The question many people may ask is, with this risk hanging over her, why on earth did she race. Well the answer is simple, another risk:

“If I do not race in the downhill, I will never again have the chance to win an Olympic medal and cement myself as the greatest skier of my generation. I will mitigate this by racing. If i do not race, the likelihood of this risk coming true is 100 per cent”.

So she had two risks to balance. One had a 40 per cent probability and the other a 100 per cent probability. She took a judgement and went with the lower probability and raced.

The three rules of risk

Digital initiatives have to do the same. There are risks to doing something and risks to not doing something. The key is to establish a powerful and independent risk management approach to inform decisions. These can then release you to make decisions that are brave and innovative, but in a way that if they go wrong, they are not catastrophic.

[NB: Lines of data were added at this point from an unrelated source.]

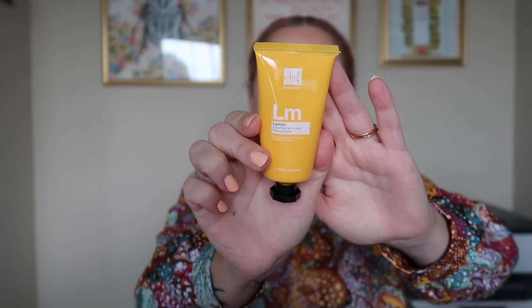Let's go ahead and take a look at the first product. This is from Dr. Botanicals, and it is the Lemon Superfood All-in-One Rescue Butter. This product is a $14 value. The description says: show your skin some TLC with the Dr. Botanicals Lemon Superfood Rescue Butter — this compact powerhouse hydrates stubborn dry patches, leaving your skin feeling bright and refreshed. Don't let the size fool you, it's small but mighty. You can use it face and body, but the description specifically mentions parched elbows, knees, and hands. I will be using it in that capacity, and I'm always happy to have another lotion, especially a travel size one.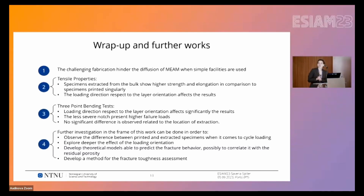This is of course a work in progress and we are planning further investigations. In my opinion, it would be really interesting to develop a theoretical model to predict and model this fracture behavior and relate it to the porosity inside the specimens.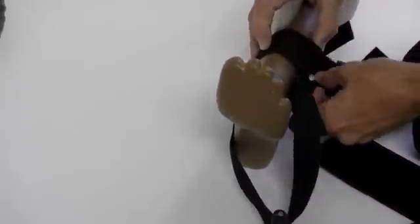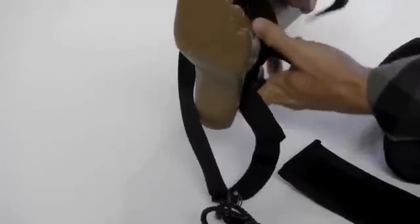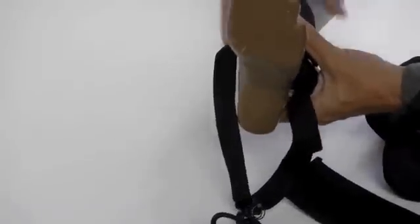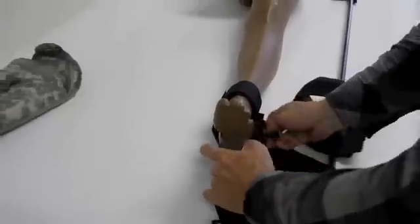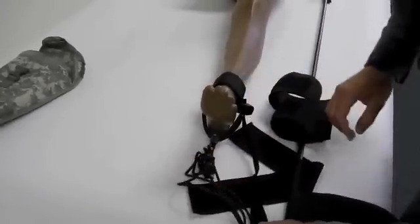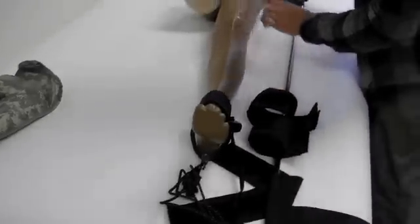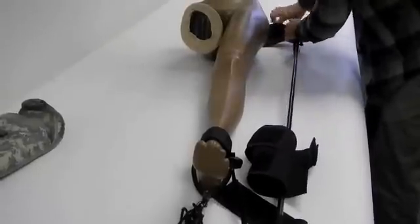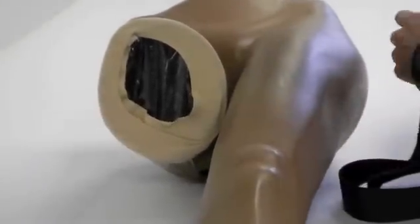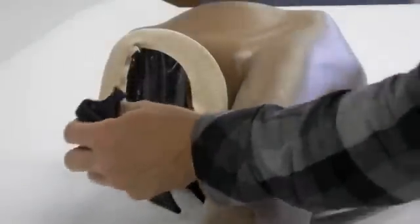We'll go ahead and wrap the strap around here. Tighten up the strap below the patient's foot like so. Tighten up the strap. Now we're going to go up to the ischial strap. Tighten up the leg.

Progress, on snow or in software, belongs to those who are:

  • brave enough to push
  • disciplined enough to prepare; and
  • wise enough to respect the consequences of going all in

Lindsey’s accident is terrible. In the unlikely event she is a keen reader of blogs from British digital companies, then we would like to say how sorry we are for her pain and loss, but also to thank her for what an inspiration she is. Not just for her role as an ambassador for women and sport, but for being the living embodiment of the bravery to take measured but incredibly bold risks.